Benchmark IREE and TFLite

We use our end-to-end TensorFlow integration tests to test compilation and numerical accuracy, and to generate compilation and benchmarking artifacts. This allows us to validate that our benchmarks are behaving as we expect them to, and to run them using valid inputs for each model.

This guide assumes that you can run the tensorflow integration tests. See this doc for more information. That doc also covers writing new tests, which you‘ll need to do if you’d like to benchmark a new TensorFlow model.

1. Run IREE's E2E TensorFlow tests to generate the benchmarking artifacts

This command will compile and test all of our passing, non-manual targets.

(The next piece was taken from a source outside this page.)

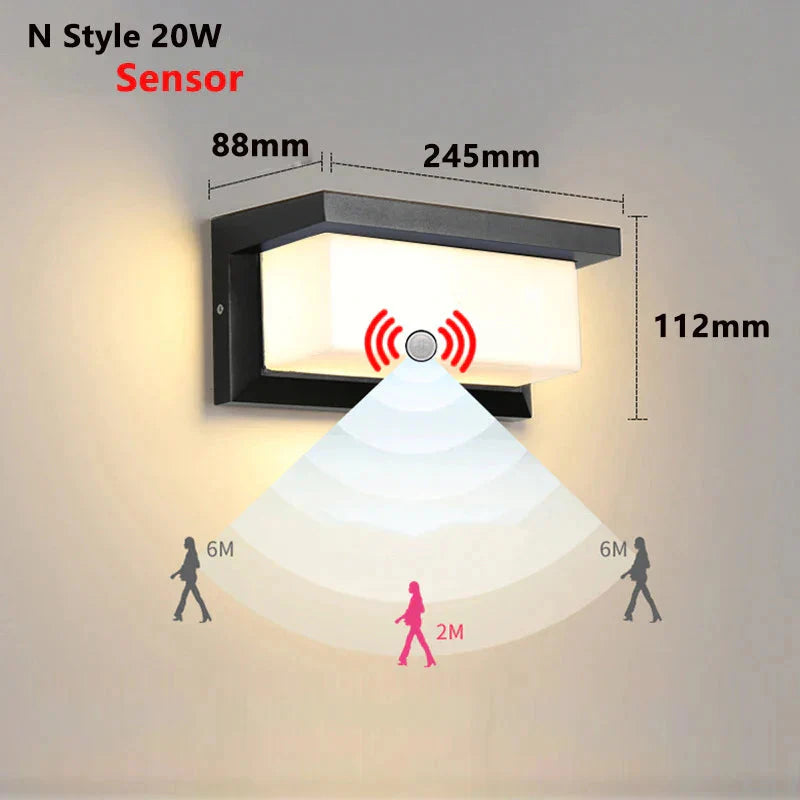 Luminaire Élégant avec Capteur Radar Intelligent IL582749-ILLUMEEN.COM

bazel test //integrations/tensorflow/e2e/...

Running the above command populates a directory /tmp/iree/modules/ with the compilation artifacts needed to benchmark each TensorFlow model in our tests. Each test/module has a folder with the following artifacts (filtered to only include those relevant for benchmarking):

# Example for a generic module `ModuleName`:
/tmp/iree/modules/ModuleName
  ├── iree_vmla  # Or any other IREE backend.
  │   ├── compiled.vmfb
  │   │   # A flatbuffer containing IREE's compiled code.
  │   └── traces
  │       # Directory with a trace for each unittest in vision_model_test.py.
  │       ├── traced_function_1
  │       │   # Directory storing logs and serialization for a specific trace.
  │       │   └── flagfile
  │       │       # An Abseil flagfile containing arguments
  │       │       # iree-benchmark-module needs to benchmark this trace.
  │       ├── traced_function_2
  │       └── ...
  └── tflite
      ├── module_method_1.tflite
      │   # A method on ModuleName compiled to bytes with TFLite, which can
      │   # be used by the TFLite's benchmark_model binary.
      ├── module_method_2.tflite
      ├── ...
      └── traces
          ├── traced_function_1
          │   └── graph_path
          │       # In general, a trace's name does not have to match the name
          │       # of the method(s) on the tf.Module that it calls. This file
          │       # points to the correct module_method_*.tflite graph file
          │       # for TFLite's benchmark_model to use.
          ├── traced_function_2
          └── ...

# Example for MatrixOpsStaticModule:
/tmp/iree/modules/MatrixOpsStaticModule
  ├── iree_llvmjit
  │   ├── compiled.vmfb
  │   └── traces
  │       ├── basic_matmul
  │       │   └── flagfile
  │       ├── matmul_broadcast_singleton_dimension
  │       │   └── flagfile
  │       ├── matmul_lhs_batch
  │       │   └── flagfile
  │       └── matmul_rhs_batch
  │           └── flagfile
  ├── iree_vmla
  │   ├── compiled.vmfb
  │   └── traces  # ...same as iree_llvmjit/traces above.
  ├── iree_vulkan
  │   ├── compiled.vmfb
  │   └── traces  # ...same as iree_llvmjit/traces above.
  └── tflite
      ├── basic_matmul.tflite
      ├── matmul_broadcast_singleton_dimension.tflite
      ├── matmul_lhs_batch.tflite
      ├── matmul_rhs_batch.tflite
      └── traces
          ├── basic_matmul
          │   └── graph_path
          ├── matmul_broadcast_singleton_dimension
          │   └── graph_path
          ├── matmul_lhs_batch
          │   └── graph_path
          └── matmul_rhs_batch
              └── graph_path

Optional: Compile the Keras Applications Vision tests

The vision tests take a while to run, so we exclude them from the CI and wildcard expansion. They can be run by invoking the following test suite:

bazel test //integrations/tensorflow/e2e/keras:vision_external_tests

The previous command compiles MobileNet, MobileNetV2 and ResNet50 to run on cifar10 and imagenet weights on all backends. The artifacts generated by this test suite are slightly different than those above in that they are organized by /tmp/iree/modules/ModelName/Dataset/backends instead of just by /tmp/iree/modules/ModelName/backends.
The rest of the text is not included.